Dr. Bloodmoney by Philip K. Dick

Rising to his feet, Andrew Gill cleared his throat and said, “I think it’s appropriate for me to say a few words. First, I want to thank Mr. Stroud and this community for welcoming my new business associate, Mr. McConchie. And then I want to offer one reward that might be appropriate regarding Hoppy’s great service to this community and to the world at large. I’d like to contribute a hundred special deluxe Gold Label cigarettes.” He paused, starting to reseat himself, and then added, “And a case of Gill’s Five Star.”

The audience applauded, whistled, stamped in approval.
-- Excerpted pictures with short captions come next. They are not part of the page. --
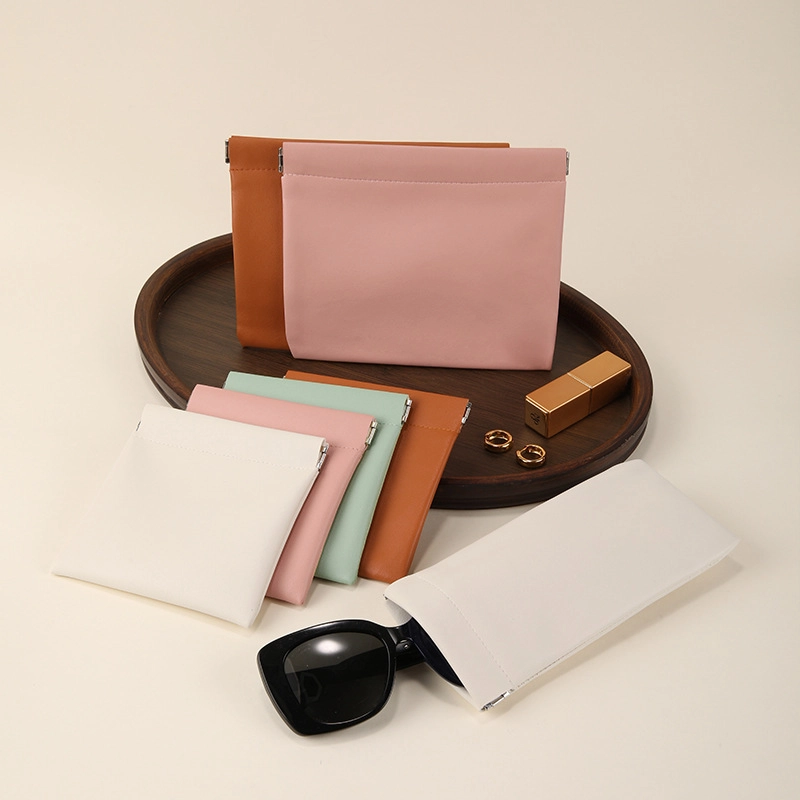 custom PU leather squeeze pocket jewelry pouch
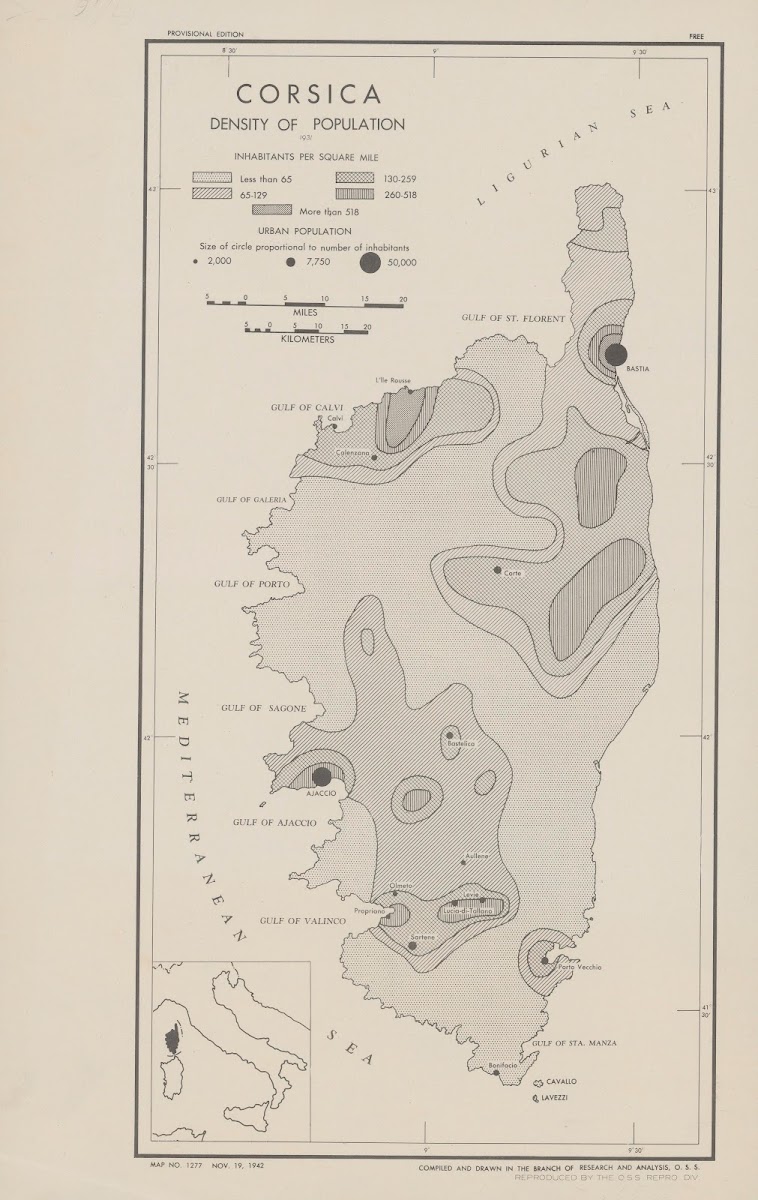Corsica  density of population 1942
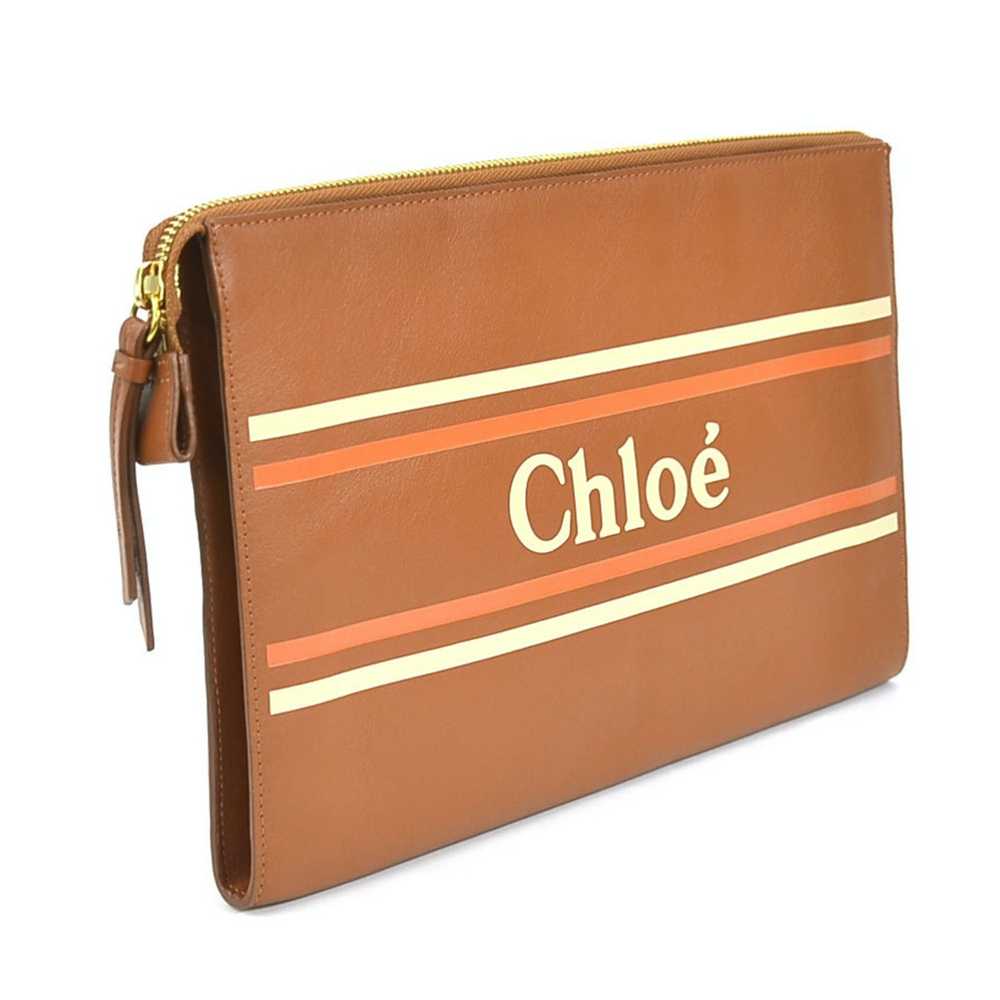 Chloe Chloé Chloe Clutch Bag Leather Brown Ladies - image 2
“Well,” Stroud said, smiling, “that’s really something I guess Mr. Gill is aware of what Hoppy’s action spared us all. There’s a whole lot of oak trees knocked over along Bear Valley Ranch Road, from the concussion of the blasts Bluthgeld was setting off. Also, as you may know, I understand that he was beginning to turn his attention south toward San Francisco—“

“That’s correct,” Bonny Keller spoke up.

“So,” Stroud said, “Maybe those people down there will want to pitch in and contribute something to Hoppy as a token of appreciation. I guess the best we can do, and it’s good but I wish there was more, is turn over Mr. Gill’s gift of the hundred special deluxe Gold Label cigarettes and the case of brandy … Hoppy will appreciate that, but I was actually thinking of something more in the line of a memorial, like a statue or a park or at least a plaque of some sort. And—I’d be willing to donate the land, and I know Cas Stone would, too.”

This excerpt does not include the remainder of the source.